Siapakah orang-orang ini? Mengapa mereka begitu ingin kami berkunjung kembali, meskipun mereka belum pernah bertemu dengan kami sebelumnya? Perkenankan kami bercerita tentang satu hari yang kami lalui di tengah-tengah orang Indian Goajiro yang mendiami Semenanjung La Guajira di timur laut Kolombia dan berdekatan dengan barat laut Venezuela.
Kesan Pertama
Berangkat dari Caracas ibukota Venezuela, perhentian kami yang pertama adalah Maracaibo. Begitu kami memasuki kota, kami melihat tiga wanita muda sedang berjalan di sepanjang jalan mengenakan jubah panjang berwarna-warni. Profil mereka berbeda dengan orang-orang Venezuela pada umumnya—bertulang pipi tinggi, berkulit coklat, berambut hitam lurus. Mengamati gaya berjalan mereka yang santai dan anggun, rasa ingin tahu kami tergugah saat sekilas memandang orang-orang Indian Goajiro untuk pertama kali.
Hari perjalanan kami ke Semenanjung La Guajira diawali dengan fajar yang cerah dan tenang. Sebelum matahari pagi menjadi terlalu panas, semuanya kami sebanyak 50 orang menaiki bus dengan perasaan gembira karena ikut serta dalam kampanye istimewa di seluruh negeri untuk menjangkau daerah terpencil di sini di Venezuela dengan berita Alkitab. Kami bertolak menuju kota Paraguachón, berbatasan dengan Kolombia.
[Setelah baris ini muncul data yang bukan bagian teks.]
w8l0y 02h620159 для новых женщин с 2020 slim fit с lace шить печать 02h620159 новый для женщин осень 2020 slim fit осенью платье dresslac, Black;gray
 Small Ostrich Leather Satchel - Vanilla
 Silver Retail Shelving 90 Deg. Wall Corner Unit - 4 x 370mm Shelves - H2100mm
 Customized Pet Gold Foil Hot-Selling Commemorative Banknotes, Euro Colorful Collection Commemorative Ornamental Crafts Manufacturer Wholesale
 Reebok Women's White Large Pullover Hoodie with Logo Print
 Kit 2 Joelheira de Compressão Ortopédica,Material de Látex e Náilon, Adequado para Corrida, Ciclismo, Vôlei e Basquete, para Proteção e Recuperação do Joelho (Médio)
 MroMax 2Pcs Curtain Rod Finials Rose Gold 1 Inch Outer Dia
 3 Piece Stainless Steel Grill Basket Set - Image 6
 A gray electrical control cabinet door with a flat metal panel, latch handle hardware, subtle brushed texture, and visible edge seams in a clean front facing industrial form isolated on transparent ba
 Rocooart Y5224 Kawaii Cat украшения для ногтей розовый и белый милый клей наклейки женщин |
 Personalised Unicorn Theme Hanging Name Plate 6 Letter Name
Begitu meninggalkan kota Maracaibo, kami melewati banyak kota kecil dan perkampungan, masing-masing dengan sebuah pasar dan kios-kios yang menjual sandal anyaman dan jubah panjang berwarna-warni yang disebut mantas. Setiap kampung memiliki sebuah alun-alun yang rapi dan sebuah gereja dengan warna-warna pastel (warna-warna muda dan agak pucat), memberi suatu sentuhan yang menyenangkan kepada pemandangan secara keseluruhan. Semua penduduknya memiliki corak-corak Indian. Meskipun mereka tampak sangat berbeda bagi kami, kami harus mengingatkan diri sendiri bahwa mereka adalah sebagian penduduk asli Venezuela.
Dari Rumah ke Rumah
Akhirnya kami tiba di tempat tujuan. Bus kami menepi di sebuah sisi jalan dan parkir di muka dinding yang rendah di keteduhan sebuah pohon yang rindang. Di balik tembok itu terdapat sekolah desa setempat—sedang tutup karena waktu itu hari Minggu.
Kami dibagi dalam dua kelompok, masing-masing pergi ke arah yang berlawanan untuk mendatangi rumah-rumah. Kami bermaksud mengundang setiap orang untuk menghadiri suatu khotbah Alkitab dalam bahasa Goajiro yang disampaikan pada pukul tiga sore di halaman sekolah. Evelinda, seorang Indian Goajiro asli, adalah rekan kami. Mudah-mudahan, ini akan membuat kami lebih dapat diterima, karena meskipun kami bisa berbahasa Spanyol, kami tidak tahu apa-apa tentang bahasa Goajiro.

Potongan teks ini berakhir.